Natürlich ohne den 2. und 3. Minus.


----------



## rpiontek (12. Januar 2009)

Was Thomas geschrieben hat, wußte ich bereits.
-Xmx.... kenne ich auch...
Die Frage war, wann kann zur Speicher-Inkosistenz kommen
wegen System.gc() bei Verteilung über mehrere Processoren.... 

Oder ob es überhaupt sein kann...


----------



## THMD (12. Januar 2009)

Hallo,

also das ganze hört sich für mich eher nach einer Urban Legend an. Als allgemeingültige Aussage würde ich es stark anzweifeln.

Mal davon abgesehen, das System.gc() nicht garantiert anläuft, weil das eine Entscheidung der VM ist - wenn es denn anläuft (was meist der Fall ist), macht es nichts anderes als eine "normale" Major Collection, also die Bereinigung von Young und Tenured Space mit den jeweils dafür eingestellten Collectoren. Je nach Häufigkeit des Aufrufs von System.gc() und abhängig von den eingestellten Collectoren kann das schon mal auf die Performance gehen , aber nicht zu Speicherinkonsistenzen führen.

Wenn es also Speicherinkonsistenzen gibt, müssten die auch ohne Aufruf von System.gc() auftreten.

Hast Du vielleicht noch ein paar mehr Informationen zu der Aussagen (VM-Version, eingestellte Collectoren ect)? Man soll ja niemals nie sagen ...

Viele Grüße
THMD


----------



## Oliver Gierke (12. Januar 2009)

Hm... ich vermute, dass die GC in dem Thread läuft in dem System.gc(); gerufen wird. Besonders für eine Full GC ist es notwendig, dass der komplette Thread kurz stillsteht um die Referenzen durchzugehen. Wenn nun währenddessen ein anderer Thread auf Daten des Threads zugreift in dem die GC läuft, kann das sicher zu Inkosistenzen führen. Eine automatische GC wird ja dagegen von der VM ausgelöst, die genau weiß, welche Threads anzuhalten sind.

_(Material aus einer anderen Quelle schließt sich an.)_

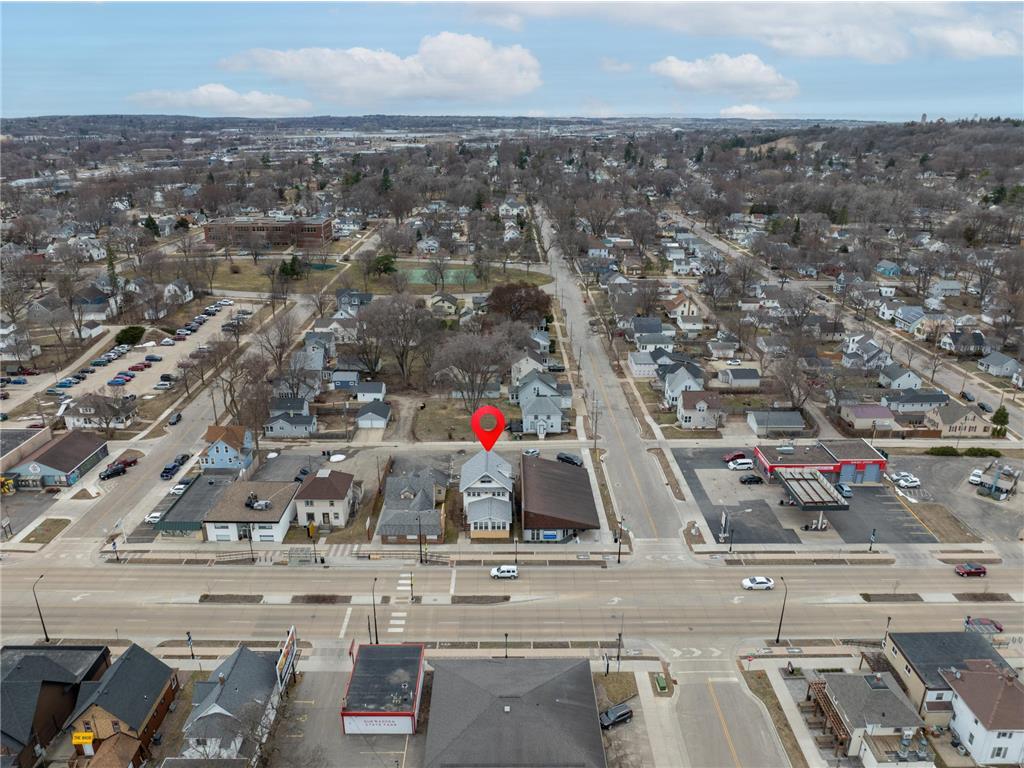 917 Broadway Avenue N Rochester MN 55906 7042985 image11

Das ist wie gesagt nur ne Vermutung basierend auf meinem rudimentären Halbwissen bzgl. Speichermanagement + ein paar (hoffentlich) logische Schlussfolgerungen... 

Gruß
Ollie


----------



## Thomas Darimont (12. Januar 2009)

Hallo,

es gibt je nach verwendetem GC-Algo einen oder mehreren GC Threads 
(Parallel GC, Beispielsweise Concurrent Mark and Sweep (CMS)).
Wird System.gc() aus Anwendungscode aus aufgerufen, so wird
intern ein GC Request eingestellt. Die JVM bekommt also einen
Hinweis bei der nächsten möglichen Gelegenheit einen GC zu machen.
Dieser GC lauft dann in einem der GC Threads ab. Nicht auf in dem 
Thread, der System.gc() aufgerufen hat.

Weiterhin bleiben bei einem Stop-the-World GC Vorgang "alle" Threads
(außer die für den GC) stehen. Nicht nur einer ;-). 

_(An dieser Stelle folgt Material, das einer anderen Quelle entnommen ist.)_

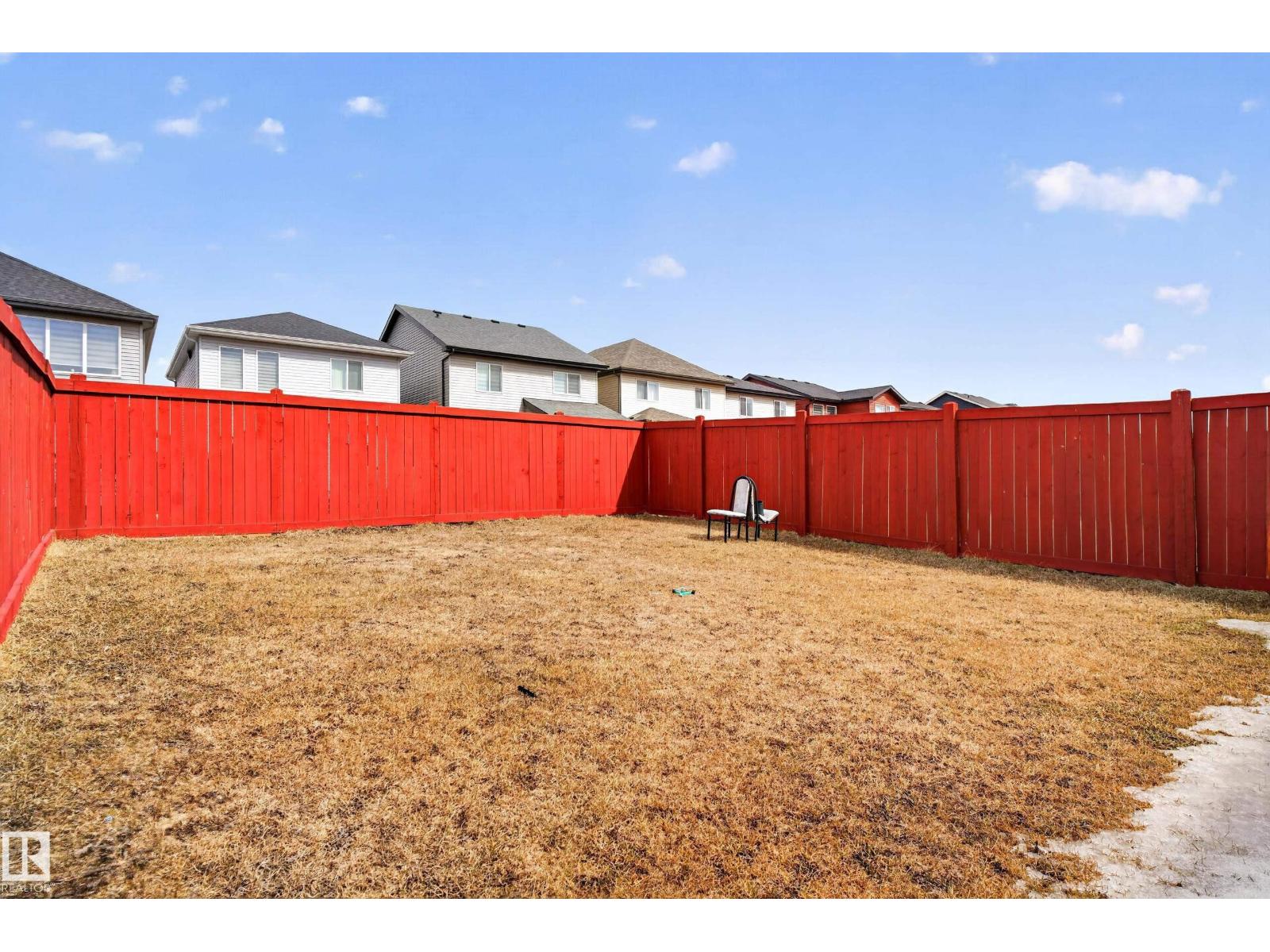 5242 23 AV SW, Edmonton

Um festzustellen, welche Objekte der GC aus dem Speicher entfernen kann, schaut 
er nach welche Objekte noch von einem Thread aus direkt (oder auch indirekt) 
referenziert werden können. Je nach GC Algo werden nun die nicht mehr erreichbaren
Objekte direkt weggeräumt, oder markiert und anschließend beim nächsten Durchlauf
freigegeben.

Je nach verwendeten GC Algo muss zum Analysieren des Systemzustandes ein Snapshot erstellt werden.
Das ist natürlich viel einfacher wenn alle Threads gestoppt werden (stop-the-world).

Es gibt aber auch (sehr komplizierte) GC Algorithmen welche die Stop the World Zeiten
sehr klein halten oder gar ganz eliminieren können.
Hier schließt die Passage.